Extract from 2017 ZCCM IH Annual Report
Chairman: E Silwamba; CEO: P Kasolo
Konkola Copper Mines (KCM) reported total revenue of K8,621.47 million (US$874.3 million) for the financial year ended 31st March 2017 (2016: K9,607.04 million (US$972.5 million). The reduction in revenue was attributed to lower metal prices through a large part of the financial year, with copper prices surging upwards in the latter quarter thereof. The net loss for the year was at K1,367.72 million (US$138.7 million) (2016: K3,685.75 million (US$373.1 million loss).
Total finished copper production during the financial year was marginally down 1.1% to 180 000 tonnes for the year ended March 2017 (2016: 182 000) compared to the previous financial year.

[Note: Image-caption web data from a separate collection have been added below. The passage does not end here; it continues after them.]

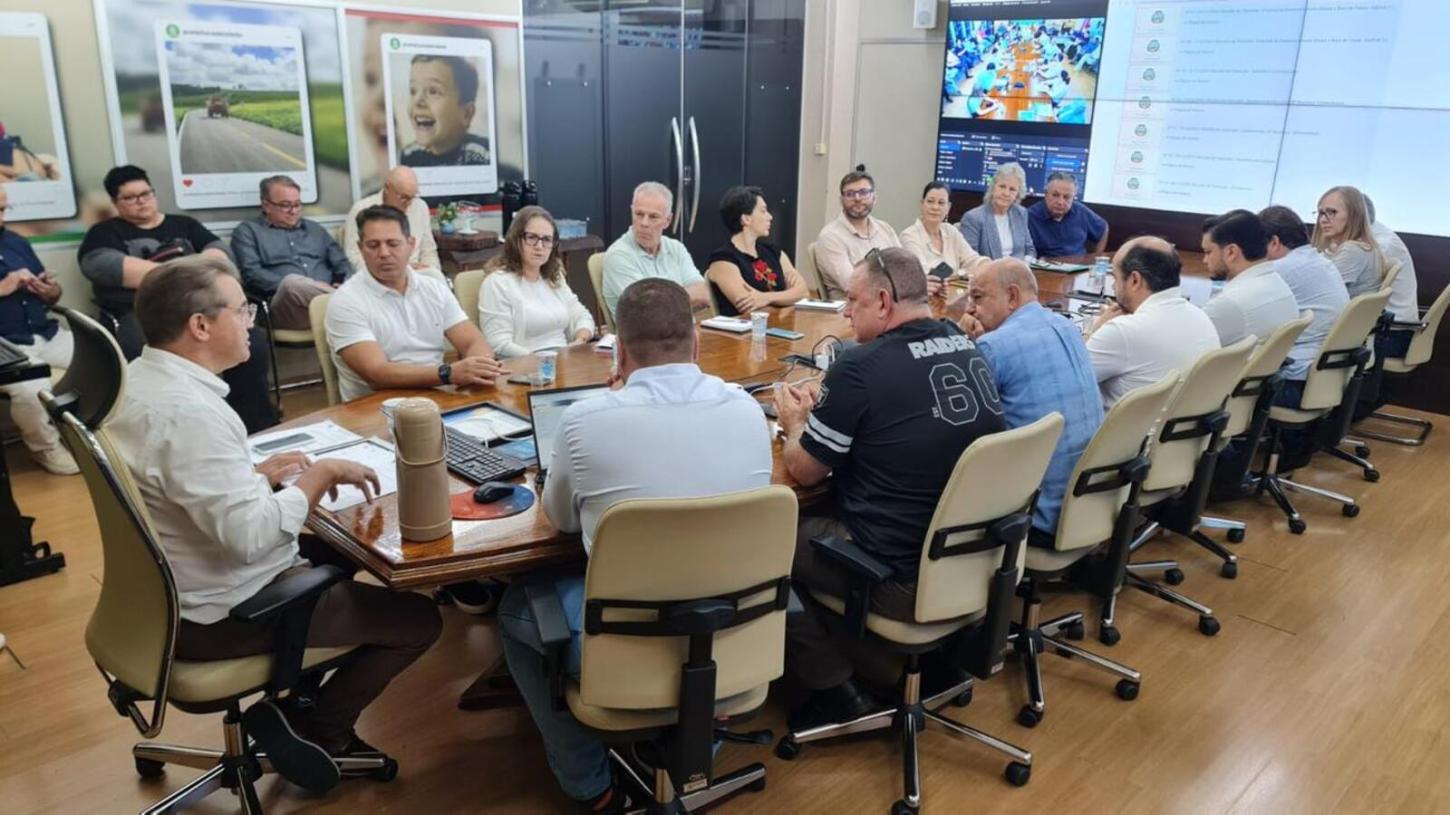 Reunião de transição lota Sala de Reuniões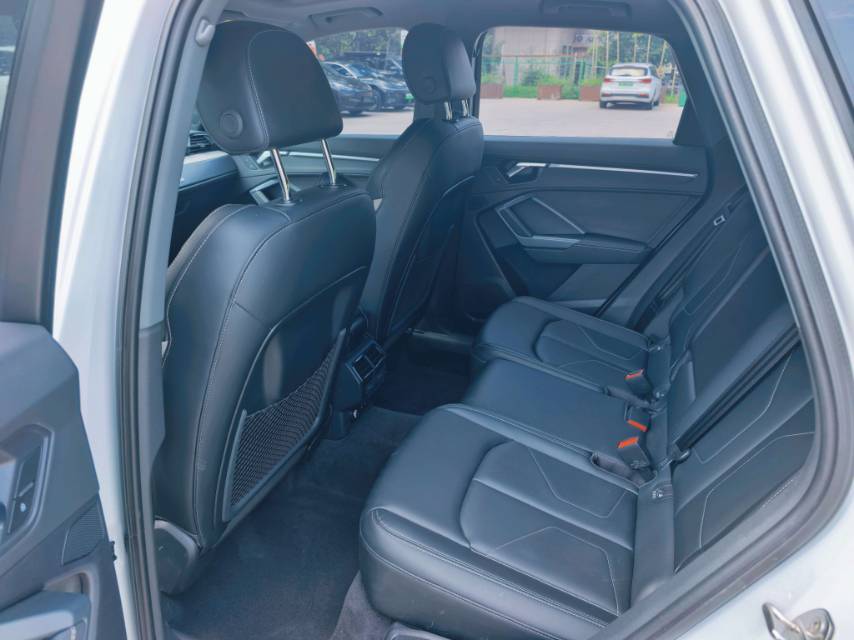 Audi Q3 2026 car image #6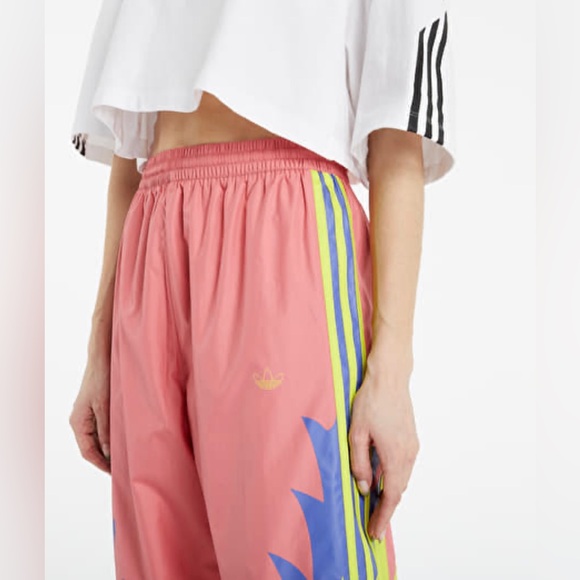 ADIDAS Originals Fakten Joggers Track Pants Hazy Rose Joy Purple Neon Retro - Picture 3 of 15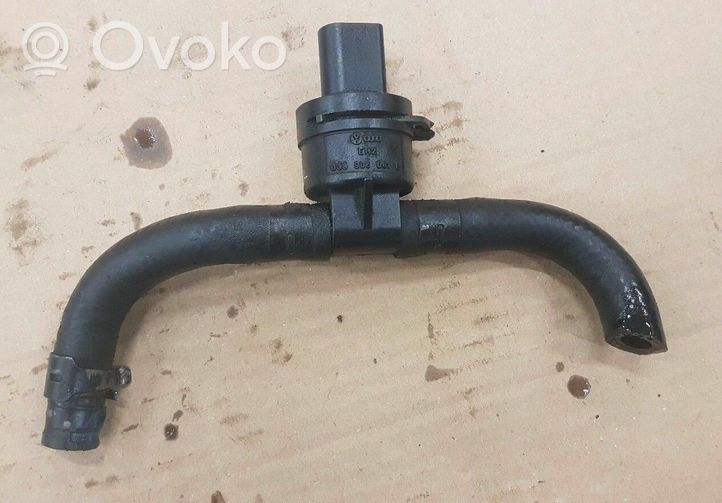 Volkswagen Transporter - Caravelle T5 Fuel temperature sensor 038906081B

During the year under review, KCM production volumes were constrained due to the Nchanga Underground Mine being placed under care and maintenance on the tail end of the previous financial year and lower equipment availability across other operating units.
Moving forward, KCM’s strategy continues to be underpinned by vigorously pursuing higher operating productivity levels at the Konkola underground mine, more reliable TLP facility with potential to increase recoveries, increased usage of the smelter by processing third-party concentrates from Zambia and DRC, and improved cost-cutting measures.

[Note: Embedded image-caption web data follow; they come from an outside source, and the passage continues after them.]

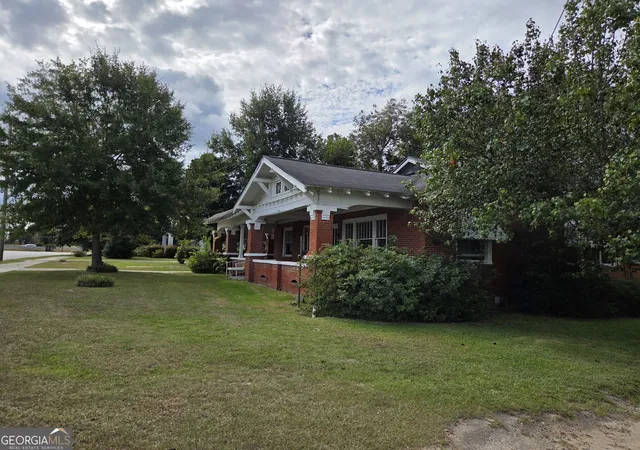Photo 4 of Single family home for sale at 3917 E Main St, Soperton, GA 30457 | MLS# 10844749 | Listing updated on 2026-09-25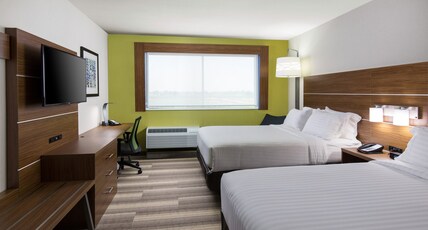 Holiday Inn Express - Visalia Room Type - 2 Queen Beds Standard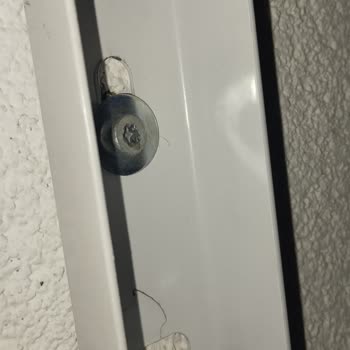 Klima Dış Ünitesinin Eksik Vida İle Montajı Ve Servis İlgisizliği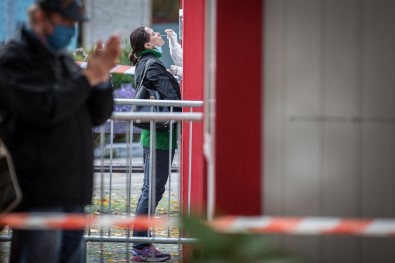 Slovakya'da Ulusal Test Seferberliği Devam Ediyor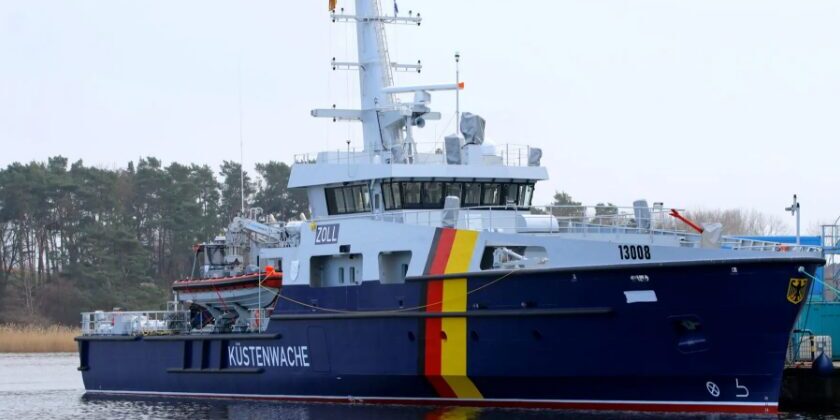 Modernes LNG-Zollschiff der Küstenwache im Hafen, mit deutscher Trikolore am Bug. Copyright NVL - Foto: Tilo Wallrodt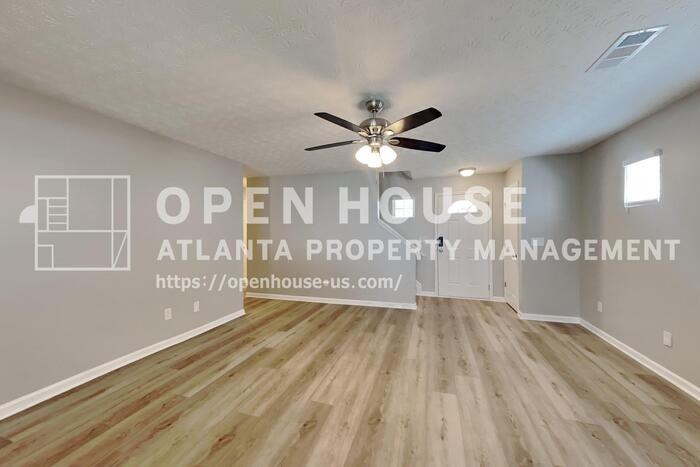 76 Arrowhead Dr - Photo 5 of 20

There were no dividends declared during the year under review (2016: Nil).
Extract from 2018 ZCCM IH Annual Report
Chairman: E Silwamba; CEO: P Kasolo
Konkola Copper Mines (KCM) reported total revenue of K12,251.43 million (US$1,283.0 million) for the financial year ended 31st March 2018 [(2017:K8,621.47 million (US$874.3 million)]. The increase in revenue was attributed to higher metal prices and increased sales volumes. The net loss for the year was at K1,102 million (US$115.4 million) [(2017: K1,367.72 (US$138.7 million loss)]. Total finished copper production during the financial year increased by 9 percent to 195,300 tonnes for the year ending March 2018 (2017: 179 800 tonnes) compared to the previous financial year.
During the year under review, KCM mine metal production volumes remained subdued as lower feed grades and lower copper recoveries at the Tailings Leach Plant offset improvements in production output at both Nchanga and Konkola.

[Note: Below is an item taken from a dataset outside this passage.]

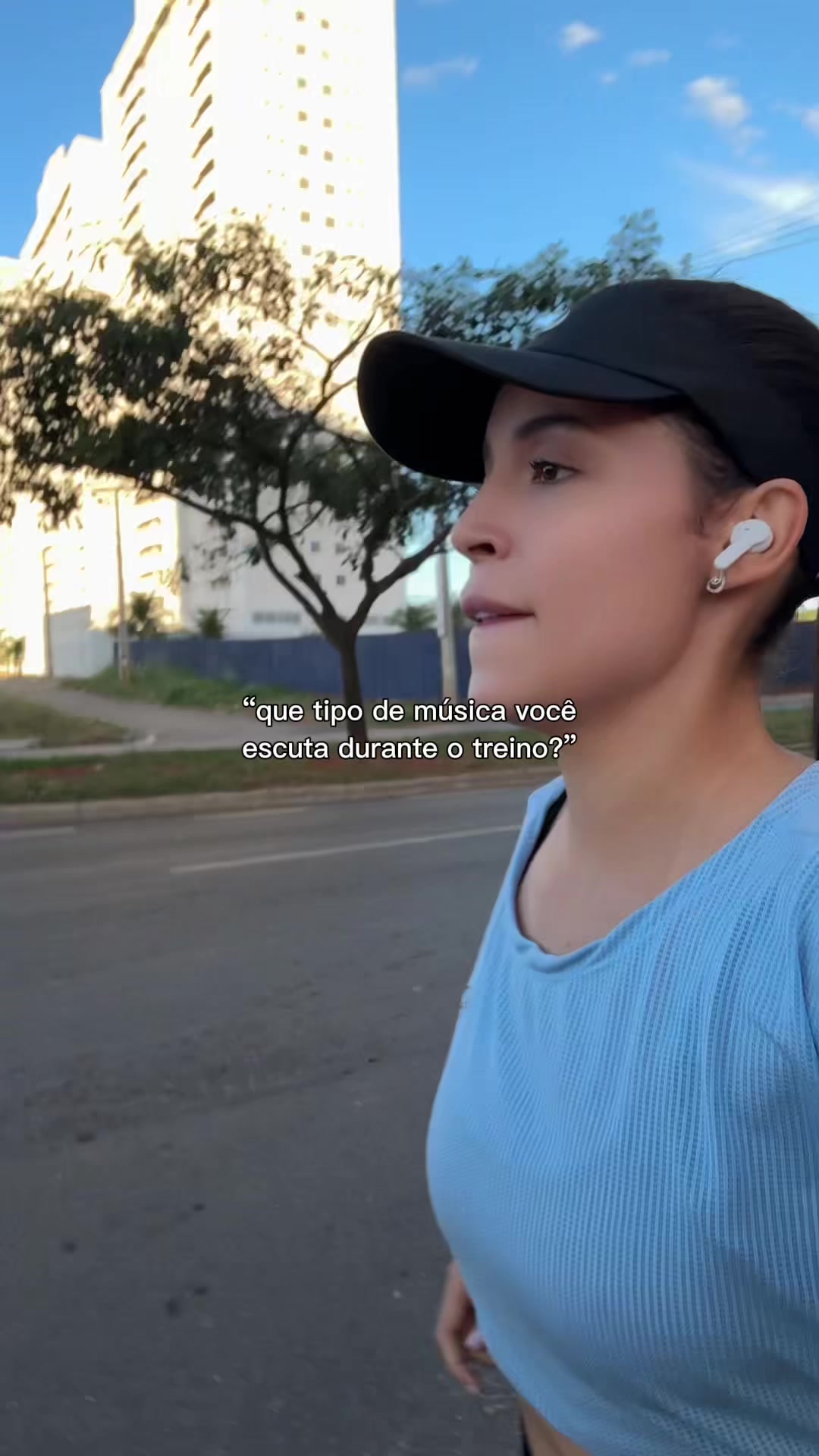 @Larinha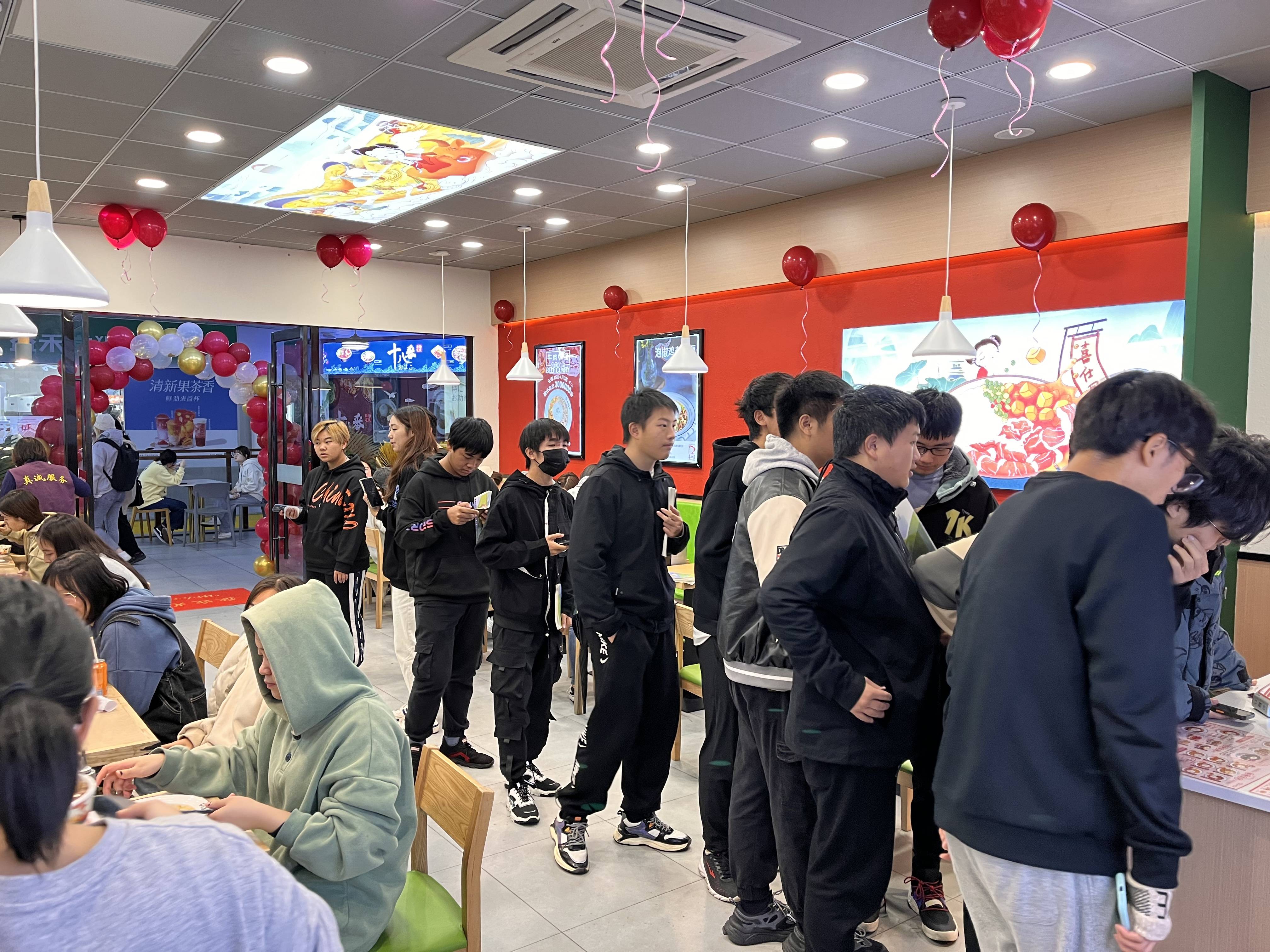 开快餐店成本高不高，开家喜仕屋投资大吗？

Moving forward, KCM’s strategy continues to be underpinned by vigorously pursuing higher operating productivity levels at the Konkola underground mine, improving recoveries at the Tailings Leach Plant facility, increasing utilisation of the smelter and cost containment.
There were no dividends declared during the year under review (2017: Nil).
Extract from 2019 ZCCM IH Annual Report
Chairman: E Silwamba; CEO: M Chipata
Konkola Copper Mines (KCM) reported total revenue of ZMW 12.25 billion (US$1,084.80 million) for the financial year ended 31 March 2019 {2018: ZMW12.2 billion (US$1,283.0 million}. The reduction in revenue was as a result of below budget custom production as well as below budget combined concentrate tonnage available for treatment in the smelter. This had an adverse impact on sulphuric acid production which in turn impacted on copper production at the Tailings Leach Plant. KCM’s total mine production for the year recorded at 177,035 tonnes (2018:144,664 tonnes). Loss after tax was ZMW3.72 billion (US$ 332.2 million) {(2018: ZMW1.102 billion loss(US$131.6 million))}
Operational challenges continued to impede production, however, management remains committed to providing resolutions to these issues. A study had been initiated to review operations at the Konkola operations with a view to upgrading production both at No. 3 shaft and No. 4 shaft in the medium term. Work at the No. 3 shaft is centred on upgrading pumping operations on the 985-metre level so that development work can be enhanced. This work ideally should result in an upgraded level of ore production over the two and half years.
There were no dividends declared during the year under review (2018: Nill)
Konkola Copper Mines Plc On 21 May 2019, ZCCM-IH filed a petition in the High Court of Zambia for the winding up of KCM. ZCCM-IH has filed the said petition pursuant to Section 56(1)(c) of the Corporate Insolvency Act No. 9 of 2017. By Order of the Court, Mr. Milingo Lungu Simwanza & Company has been appointed as provisional liquidator.